Ambrose Bierce, Mauvaises pensées, le cherche midi, 2003.
La photo mondialisée, la photo entre les mains des fonds de pension
Sur le site Acrimed (site de réflexion critique sur les médias), un article intéressant d’ un photographe, sur la photographie de presse, partant d’un numéro de la revue Politis qui utilise en couverture une photo d’un mastondonte de l’image qui appartiens à un fonds de pension (démarche curieuse pour un média de gauche qui parle de changer la société), il en viens à la question suivante :
Ne retrouve-t-on pas dans le monde de la photographie et de la presse, des producteurs isolés, un marché globalisé, des prix de rémunération imposés par des intermédiaires et des acheteurs peu regardants sur les conditions de production ? Bref, des caractéristiques qui se répandent partout depuis que la « globalisation » ou la « mondialisation » ont hissé les « économies d’échelles », le « discount », le « low cost », en valeur en soi qui, dans le cas de la photographie, transforment un artisanat en terrain de stratégies financières ? Acrimed
Depuis, mettons 2005, la réponse à cette question est : oui ! Nous sommes dans la financiarisation ! La problématique formulée sous forme de question relève d’une certaine prudence qui n’ a plus lieu d’être.
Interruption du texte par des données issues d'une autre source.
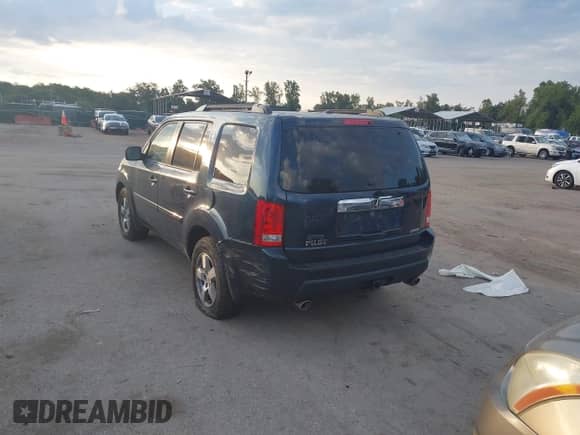 2010 Honda Pilot EX with VIN 5FNYF4H47AB026954, listed as a IAAI auction lot 43259130 with 148,709 mi miles and . Bid and sale history available at DreamBid. Image 3.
Le temps de poser des problématiques prudentes est dépassé ! Comme dirait La Boétie : «Ils ne sont grands que parce que nous sommes à genou.».
Le marché de la photo est déréglementé, mondialisé, c’est clair et net ! Et ce dans l’intérêt des structures les plus capitalistiques, structures qui n’ont aucun complexe à exploiter les travaux des amateurs via les microstocks et autres. Même les structures publiques leur donnent un coup de main en utilisant les visuels à 3 francs 6 sous, c’est dire la régression sociale dans laquelle nous sommes …
Et c’est ainsi qu’au lieu d’un paradis je découvris l’aride désert du commerce. Je n’y aperçus que de la bêtise, sauf en ce qui concerne les affaires. Je ne rencontrai personne de propre, de noble et de vivant…Tout ce que je trouvai fut un égoïsme monstrueux, sans coeur, et un matérialisme grossier et glouton, aussi pratiqué que pratique. Jack London, Le Talon de fer.